"Morro de medo de solidão / a que certos intelectuais precisam se entregar / para produzir alguma coisa mais ou menos profunda / Ficar um dia sozinho me leva à loucura / convívio social também / Ao mesmo tempo eu temo a loucura e / vou vivendo assim / feito uma bola entre duas raquetes de / frescobol".
Esses versos confessionais, escritos por Cazuza em 1989, ao mesmo tempo contrastam e confirmam o clima da casa de sua família em Petrópolis, no Rio de Janeiro, descrito por Lucinha Araújo, mãe do cantor.
O artista, morto há 34 anos, chamava o local de Cineac Trianon, nome que escolheu para dar título ao poema —inédito em sua integralidade até agora.
"Naquela época, era muita boemia", diz Lucinha. "O João [Araújo, pai do cantor e criador da gravadora Som Livre] trabalhava com música, e a gente recebia muitos artistas na casa. Ninguém dormia, ficava todo mundo cantando e tocando violão, e o Cazuza vendo tudo isso com uns 12 ou 13 anos."
Em "Cineac Trianon", um dos 27 poemas inéditos de "Meu Lance é Poesia", livro lançado pela WMF Martins Fontes com toda antologia de Cazuza, o artista medita sobre questões existenciais, felicidade e tristeza, loucura e sanidade, e a escrita como veículo de tudo isso. É uma das obras reveladas agora que expandem o entendimento do ex-vocalista do Barão Vermelho como poeta, para além de grande letrista e cantor.

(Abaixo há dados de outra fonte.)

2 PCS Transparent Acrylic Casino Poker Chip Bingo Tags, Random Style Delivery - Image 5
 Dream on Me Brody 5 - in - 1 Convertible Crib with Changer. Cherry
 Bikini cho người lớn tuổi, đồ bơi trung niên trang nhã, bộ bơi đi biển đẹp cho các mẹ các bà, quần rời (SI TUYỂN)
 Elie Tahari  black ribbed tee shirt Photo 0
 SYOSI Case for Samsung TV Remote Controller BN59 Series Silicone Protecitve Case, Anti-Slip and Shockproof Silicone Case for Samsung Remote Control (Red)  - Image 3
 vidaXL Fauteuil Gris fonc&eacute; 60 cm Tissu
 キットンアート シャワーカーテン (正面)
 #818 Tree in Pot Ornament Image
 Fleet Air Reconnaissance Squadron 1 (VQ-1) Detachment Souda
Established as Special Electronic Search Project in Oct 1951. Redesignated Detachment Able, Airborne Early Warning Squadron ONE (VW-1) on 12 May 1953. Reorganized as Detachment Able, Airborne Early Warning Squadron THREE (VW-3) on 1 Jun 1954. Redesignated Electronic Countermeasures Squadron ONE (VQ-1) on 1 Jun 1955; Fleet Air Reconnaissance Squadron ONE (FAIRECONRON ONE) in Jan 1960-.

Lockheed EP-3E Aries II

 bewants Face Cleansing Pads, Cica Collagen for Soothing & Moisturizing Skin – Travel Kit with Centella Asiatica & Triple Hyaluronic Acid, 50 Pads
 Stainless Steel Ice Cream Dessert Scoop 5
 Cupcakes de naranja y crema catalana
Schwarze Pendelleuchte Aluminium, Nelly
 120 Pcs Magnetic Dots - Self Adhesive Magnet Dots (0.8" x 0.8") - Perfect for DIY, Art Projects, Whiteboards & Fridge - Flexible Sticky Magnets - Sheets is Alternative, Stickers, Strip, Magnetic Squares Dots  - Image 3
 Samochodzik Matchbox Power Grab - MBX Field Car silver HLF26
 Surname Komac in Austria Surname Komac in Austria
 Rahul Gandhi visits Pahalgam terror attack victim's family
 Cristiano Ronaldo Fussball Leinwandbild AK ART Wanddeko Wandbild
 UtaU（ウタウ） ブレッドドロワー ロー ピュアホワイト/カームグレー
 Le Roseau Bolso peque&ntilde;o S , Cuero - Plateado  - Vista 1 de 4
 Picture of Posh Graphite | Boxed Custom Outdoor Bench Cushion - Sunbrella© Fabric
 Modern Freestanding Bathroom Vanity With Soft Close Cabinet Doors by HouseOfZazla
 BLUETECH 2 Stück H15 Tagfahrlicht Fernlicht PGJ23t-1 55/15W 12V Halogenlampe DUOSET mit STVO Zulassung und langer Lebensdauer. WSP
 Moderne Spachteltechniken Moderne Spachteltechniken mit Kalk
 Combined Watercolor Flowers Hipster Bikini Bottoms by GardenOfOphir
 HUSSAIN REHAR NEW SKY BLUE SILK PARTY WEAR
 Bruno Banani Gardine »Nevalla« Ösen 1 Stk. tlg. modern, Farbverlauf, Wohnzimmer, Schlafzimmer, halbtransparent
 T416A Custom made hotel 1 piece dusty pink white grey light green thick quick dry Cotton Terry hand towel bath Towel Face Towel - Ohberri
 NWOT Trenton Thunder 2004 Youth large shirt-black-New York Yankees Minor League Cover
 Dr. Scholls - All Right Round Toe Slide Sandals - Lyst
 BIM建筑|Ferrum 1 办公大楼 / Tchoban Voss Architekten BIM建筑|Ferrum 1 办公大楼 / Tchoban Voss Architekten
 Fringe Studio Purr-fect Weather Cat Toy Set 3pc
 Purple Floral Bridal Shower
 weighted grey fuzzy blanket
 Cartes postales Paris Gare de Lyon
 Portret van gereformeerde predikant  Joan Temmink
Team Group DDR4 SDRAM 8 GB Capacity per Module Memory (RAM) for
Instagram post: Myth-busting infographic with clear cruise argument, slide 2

"O que mais me chamou a atenção são esses poemas mais longos, caso do ‘Cineac Trianon’, que é enorme, tem umas sete páginas", diz Ramon Nunes Mello, que organizou esse e outro livro lançado agora pela mesma editora, "Protegi Teu Nome por Amor", com mais de 700 fotografias de Cazuza. "É uma outra abordagem, que muita gente não conhece."
Em "Meu Lance é Poesia", Cazuza surge paradoxal, à flor da pele, por inteiro. Há referências ao rock e à poesia beat, paixões intensas e alucinantes, flertes em bares e nas ruas, desejo sexual, seu deboche típico da caretice, alteração de consciência através das drogas, denúncia da hipocrisia à brasileira, a expressão do sentimento de uma geração, a vida em perspectiva após o diagnóstico de HIV.